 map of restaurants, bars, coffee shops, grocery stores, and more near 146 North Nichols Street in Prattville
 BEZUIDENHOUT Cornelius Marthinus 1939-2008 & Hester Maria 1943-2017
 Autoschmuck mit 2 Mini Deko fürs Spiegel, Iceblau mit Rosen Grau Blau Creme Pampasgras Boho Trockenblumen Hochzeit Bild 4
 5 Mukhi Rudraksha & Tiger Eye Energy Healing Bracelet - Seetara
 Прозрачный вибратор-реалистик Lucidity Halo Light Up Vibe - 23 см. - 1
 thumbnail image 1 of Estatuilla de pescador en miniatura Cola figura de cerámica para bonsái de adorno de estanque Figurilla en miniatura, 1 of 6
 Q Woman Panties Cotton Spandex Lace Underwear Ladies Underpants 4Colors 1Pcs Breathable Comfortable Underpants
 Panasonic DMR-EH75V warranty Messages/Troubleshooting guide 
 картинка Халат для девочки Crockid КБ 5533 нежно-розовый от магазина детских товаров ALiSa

Work to be completed — The output should be exactly the lines above from the line containing "Autoschmuck mit 2" to the line containing "Прозрачный вибратор-реалистик Lucidity", inclusive, with no other lines.

Answer below —
 Autoschmuck mit 2 Mini Deko fürs Spiegel, Iceblau mit Rosen Grau Blau Creme Pampasgras Boho Trockenblumen Hochzeit Bild 4
 5 Mukhi Rudraksha & Tiger Eye Energy Healing Bracelet - Seetara
 Прозрачный вибратор-реалистик Lucidity Halo Light Up Vibe - 23 см. - 1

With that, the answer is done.